|Jul-25-05|| ||notsodeepthought: I can't help thinking that black should have gotten (much) more out of the open e file. Still, congrats to Bauer who won his first game in the tournament - against the leader.|
|Jul-25-05|| ||molinov: Wouldn't 17.... Qf6 been better than Qd7 which appears to leave Nakamura with a bad position. It's certainly quieter.|
|Jul-25-05|| ||chancho: Nice endgame techinque By Bauer.|
|Jul-25-05|| ||DP12: molinov Nakamura may have been concerned with Ba4+|
|Jul-25-05|| ||TruthHurts: Nakamura is beaten on his field, ko's on board and strange openings, that's what is Bauer known for also, playing out of theory and original chess .|
|Jul-26-05|| ||Andrew Chapman: The pawn sacrifice 11.e4 seems a powerful idea.

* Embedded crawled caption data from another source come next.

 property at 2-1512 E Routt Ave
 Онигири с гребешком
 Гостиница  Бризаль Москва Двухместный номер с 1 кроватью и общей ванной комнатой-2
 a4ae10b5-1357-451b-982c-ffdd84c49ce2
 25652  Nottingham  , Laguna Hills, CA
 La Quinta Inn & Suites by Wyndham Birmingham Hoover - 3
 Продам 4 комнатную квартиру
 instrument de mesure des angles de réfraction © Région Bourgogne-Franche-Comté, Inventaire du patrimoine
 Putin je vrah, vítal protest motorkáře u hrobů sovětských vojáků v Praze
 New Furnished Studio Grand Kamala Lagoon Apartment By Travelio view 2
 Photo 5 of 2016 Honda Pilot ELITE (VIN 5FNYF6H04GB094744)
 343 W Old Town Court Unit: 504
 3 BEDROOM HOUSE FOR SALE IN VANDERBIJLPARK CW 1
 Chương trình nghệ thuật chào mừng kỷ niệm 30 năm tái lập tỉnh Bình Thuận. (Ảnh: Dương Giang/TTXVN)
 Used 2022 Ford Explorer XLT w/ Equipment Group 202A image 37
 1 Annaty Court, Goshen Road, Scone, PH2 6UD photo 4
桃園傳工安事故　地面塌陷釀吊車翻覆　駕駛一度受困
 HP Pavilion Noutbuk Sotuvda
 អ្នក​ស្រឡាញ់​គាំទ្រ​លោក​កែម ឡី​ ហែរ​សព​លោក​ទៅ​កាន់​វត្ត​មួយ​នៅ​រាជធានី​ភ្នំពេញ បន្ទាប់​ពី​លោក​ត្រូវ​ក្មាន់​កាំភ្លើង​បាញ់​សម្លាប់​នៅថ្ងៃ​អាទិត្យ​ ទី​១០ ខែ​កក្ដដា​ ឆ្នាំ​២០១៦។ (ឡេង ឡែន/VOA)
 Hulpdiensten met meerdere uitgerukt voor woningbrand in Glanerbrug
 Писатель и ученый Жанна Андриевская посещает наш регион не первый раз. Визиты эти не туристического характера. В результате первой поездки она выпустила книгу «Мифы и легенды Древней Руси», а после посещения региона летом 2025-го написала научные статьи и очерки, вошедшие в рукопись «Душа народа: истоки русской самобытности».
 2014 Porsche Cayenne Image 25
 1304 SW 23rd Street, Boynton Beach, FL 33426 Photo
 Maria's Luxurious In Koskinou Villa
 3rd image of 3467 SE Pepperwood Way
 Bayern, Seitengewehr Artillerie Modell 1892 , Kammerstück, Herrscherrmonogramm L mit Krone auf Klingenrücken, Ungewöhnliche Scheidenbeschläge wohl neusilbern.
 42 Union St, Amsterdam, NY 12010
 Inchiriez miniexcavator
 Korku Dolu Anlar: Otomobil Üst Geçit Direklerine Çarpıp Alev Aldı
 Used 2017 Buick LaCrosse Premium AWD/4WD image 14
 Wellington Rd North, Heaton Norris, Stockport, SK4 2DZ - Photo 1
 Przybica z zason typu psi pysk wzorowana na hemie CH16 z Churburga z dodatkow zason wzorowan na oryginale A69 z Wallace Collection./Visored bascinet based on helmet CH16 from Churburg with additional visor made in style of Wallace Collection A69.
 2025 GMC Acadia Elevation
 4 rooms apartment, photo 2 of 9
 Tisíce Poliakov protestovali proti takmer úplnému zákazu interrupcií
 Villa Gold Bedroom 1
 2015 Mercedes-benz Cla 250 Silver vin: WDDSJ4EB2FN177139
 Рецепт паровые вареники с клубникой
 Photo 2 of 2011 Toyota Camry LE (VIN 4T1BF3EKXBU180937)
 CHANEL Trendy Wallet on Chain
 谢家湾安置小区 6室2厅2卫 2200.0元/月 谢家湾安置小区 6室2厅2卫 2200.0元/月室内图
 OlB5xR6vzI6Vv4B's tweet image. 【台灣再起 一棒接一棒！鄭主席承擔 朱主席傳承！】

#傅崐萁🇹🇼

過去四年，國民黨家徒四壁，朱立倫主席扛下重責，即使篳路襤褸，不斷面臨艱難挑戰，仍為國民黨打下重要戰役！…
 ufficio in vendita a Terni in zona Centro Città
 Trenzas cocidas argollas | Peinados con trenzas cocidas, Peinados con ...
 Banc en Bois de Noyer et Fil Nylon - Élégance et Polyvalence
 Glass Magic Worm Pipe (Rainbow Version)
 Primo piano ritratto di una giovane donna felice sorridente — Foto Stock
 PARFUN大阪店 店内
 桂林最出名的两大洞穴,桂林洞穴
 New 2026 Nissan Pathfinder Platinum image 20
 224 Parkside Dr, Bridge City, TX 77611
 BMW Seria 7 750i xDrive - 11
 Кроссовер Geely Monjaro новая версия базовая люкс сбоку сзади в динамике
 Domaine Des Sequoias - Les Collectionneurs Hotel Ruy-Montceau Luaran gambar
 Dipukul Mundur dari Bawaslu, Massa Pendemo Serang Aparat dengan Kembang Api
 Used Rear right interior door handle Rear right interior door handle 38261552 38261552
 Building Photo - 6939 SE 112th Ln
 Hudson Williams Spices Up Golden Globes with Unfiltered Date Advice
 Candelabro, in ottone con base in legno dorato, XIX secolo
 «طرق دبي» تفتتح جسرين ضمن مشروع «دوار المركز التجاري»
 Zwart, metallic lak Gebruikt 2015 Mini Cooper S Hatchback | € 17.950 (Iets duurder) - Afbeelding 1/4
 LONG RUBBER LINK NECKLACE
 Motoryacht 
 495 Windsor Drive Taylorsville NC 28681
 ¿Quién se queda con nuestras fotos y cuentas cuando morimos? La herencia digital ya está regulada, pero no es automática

It's difficult for black not to take it but if he does he opens the h file which makes it hard to castle king side and gives white an extra rook in play and better development. In the other game in the chessgames database black did castle kingside and was forced to allow Qxh7+ and then got tied up with his king on e7.|
|Jul-26-05|| ||DanRoss53: The Knight moves on 15 and 16 seem to weaken Black's position beyond repair... the White Queen has a lot of mobility after 17. ♕xe5|
|Jul-26-05|| ||patzer2: Here's some analysis with the Opening Explorer and Fritz 8:|
<1. d4 d5 2. c4 c6 3. Nc3 Nf6 4. e3 e6 5. Nf3 Nbd7 6. Bd3 dxc4 7. Bxc4 b5 8. Bb3!?> This is a less common (but not a novel) move, which has given White decent
results (won 49% and drew 24% of 63 games in the Opening Explorer). More
often played is 8. Bd3 as in
Illescas-Cordoba vs Dreev, 2005 or 8. Be2 as in P Wells vs Van Wely, 2005. <8...b4> This is the most popular (i.e. Book) response. <9. Ne2
Bd6!?> This move has not worked so well for Black in practice, with White
winning four and drawing one of seven games in the Opening Explorer. Some
impressive victories for White after 9...Bd6 include M Kazhgaleyev vs Lautier, 2004 and Korchnoi vs E Torre, 1984. Of course Black won in this line with some neat
combinational play in
A Fernandes vs Y Yakovich, 2001 and
E Michaelides vs C Crouch, 1978, giving the second player
some hope here. Perhaps a worthy alternative for Black is 9...Bb7
as in Black's draw in the stronger position in Petrosian vs Bagirov, 1975, or Black's impressive wins in
Winants vs M Al-Modiahki, 2002 and Oll vs Ivanchuk, 1985. <10. Ng3!?>Perhaps the inspiration for this move was
White's impressive victory with it in
M Kazhgaleyev vs Lautier, 2004. Another good alternative is 10. e4! as in White's wins
in Korchnoi vs E Torre, 1984, Yurtaev vs Savchenko, 1988 and E Vladimirov vs A Goloshchapov, 2000. <10...Bb7 11. e4!> This strong move makes me wonder if this is a prepared variation.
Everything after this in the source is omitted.